Social Networking Gone Crazy?

Posted by JD 08/01/2011 at 17:00

This morning I saw an email from a business associate. It contained a link to an article on LinkedIn. That article was actually hosted on mashup. The article was about Social Media Overload; he called it The Sharepocalypse. After reading a fairly long article pointing out all the issues with the different human interactions with the main social media providers, I wanted to add a comment. Oddly, I couldn’t unless I used either a twitter or facebook account to login.

Social Networking Overload

The social networks seem to think everyone wants to be part of their networks. That is false. People don’t care about the network, they care about connecting to other people who they know or who could help them find a better job, better circle of friends, or just keep in touch. A few actually use these networks to get personal recommendations about products or services, but that only works well for the most connected people, not average people. The social networks are each feeding off each other by cross linking everything.

A People Perspective

People just want a single place that knows their preferences for sharing. They want 3-10 groups to share with. Any more than that and it is too complicated. According to the article, the choices for sharing are already too many, so most people select the easiest choice – share everything.

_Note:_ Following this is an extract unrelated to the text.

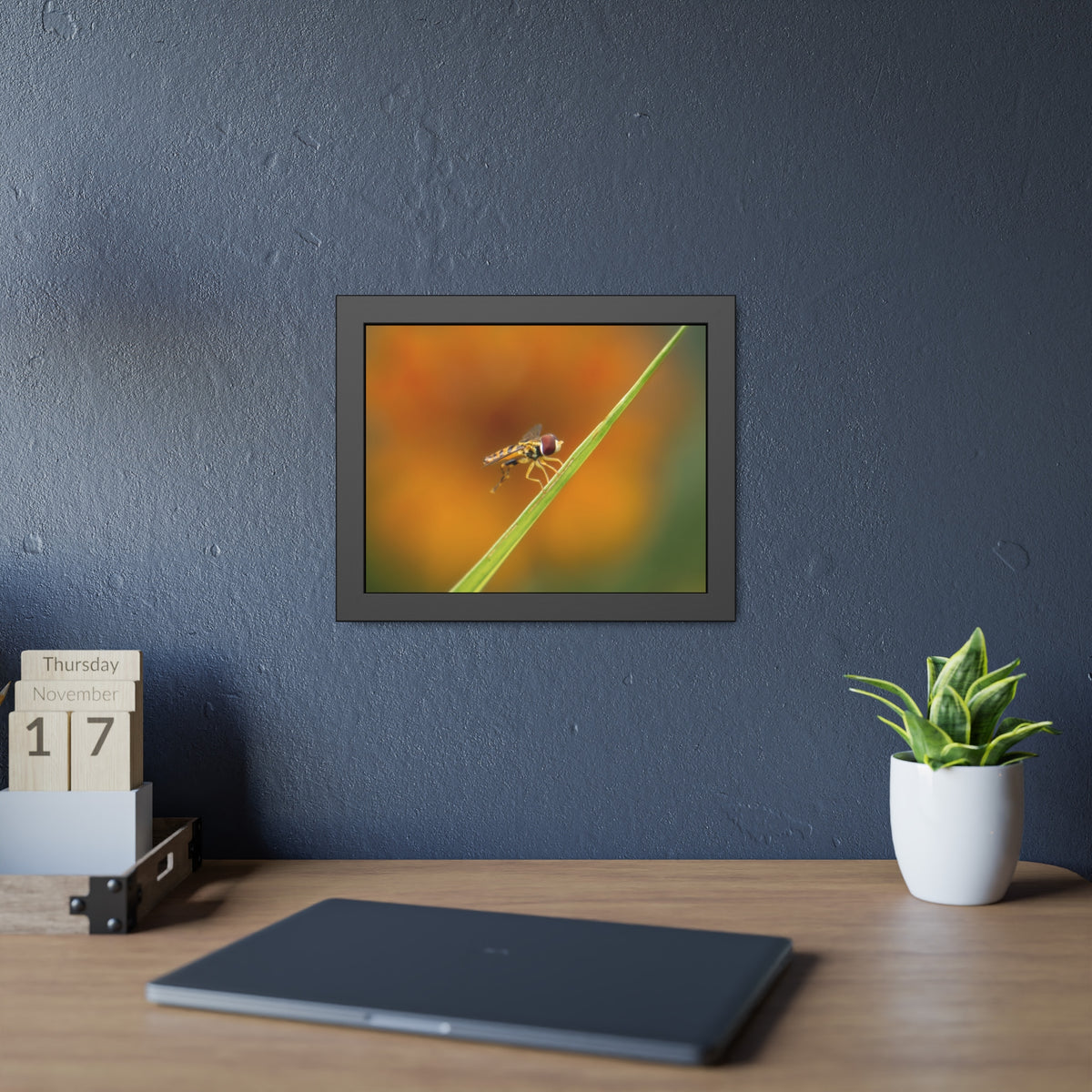 Flower Fly Super Macro Framed Print | Nature Photography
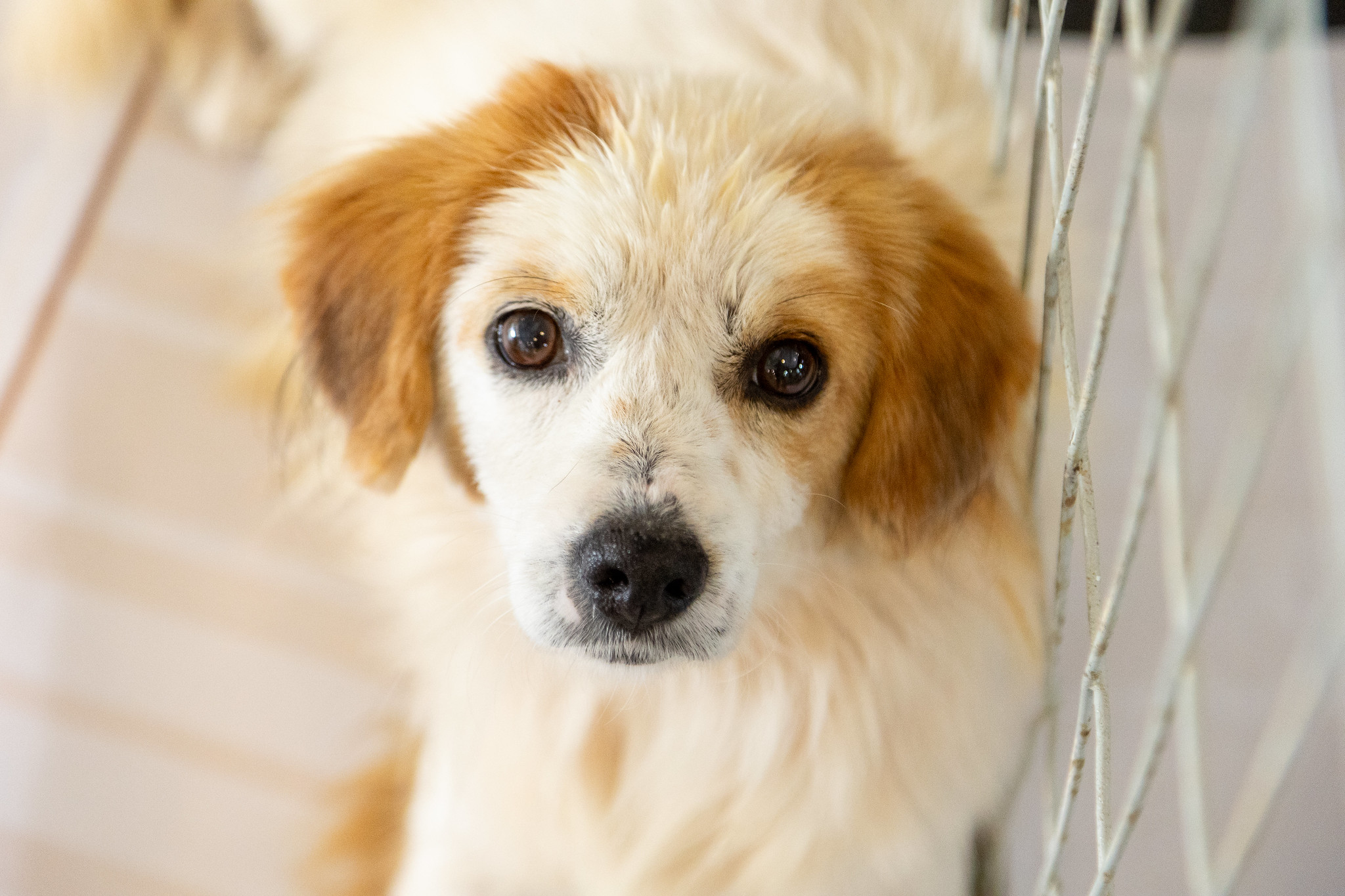 Itapevi promove feira de adoção de cães e gatos no Ita Shopping Centro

Then you have the other side, people watching for updates. Some people are actually afraid they will miss something important. I must be missing lots of important things, since I don’t monitor facebook or twitter or linkedIn or any other social networks. If someone needs to include me in anything, an email works.

  • People want to be on 1 or 2 social networks. Any more is overkill.
  • People want to group their network circles into a few easy to understand and set groups. Some people/connections would be in multiple groups.
  • People want to be able to connect to anyone else on any other social network, easily.
  • People want to control their privacy settings AND really trust that those settings will work.
  • People want some control over what happens to their data. If they want the data deleted, they really want it removed, including from backup tapes last year.

What’s the answer? I don’t know, but I think it needs to be federated, not centralized. I would lean towards fewer walled gardens for social data. Perhaps a standard RSS feed for each person from each social network which could be embedded into the followers own review pages? Perhaps? This way, each network would retain most of their current users as long as they met their needs. Leaving wouldn’t be like killing yourself off, since with an RSS feed, we could import our data to a different network easier. RSS makes lots of things easier, especially with appropriate tagging.

RSS is how I read content from 30+ sources daily, quickly. Not all stories are worthy of reading, but I do see the title/summary. Having an RSS feed for each persons feeds, named by the person, for FB, twitter, Identi.ca, LinkedIn, and the other networks would make this easier.

Scanning

A way to scan all your networks for contact information and who you are following. Then you could have a central place which mashed together all those feeds. To me, the real issue here would be that each network would need to play nice and provide a feed or at least not change their interfaces too much to screw up the screen scraping by other networks. A federated authentication system is needed. OAuth is headed in the right direction there.

Conclusion

I’m not even part of the social networking fad, but still feel overloaded. Now if I could just find a way to leave that comment.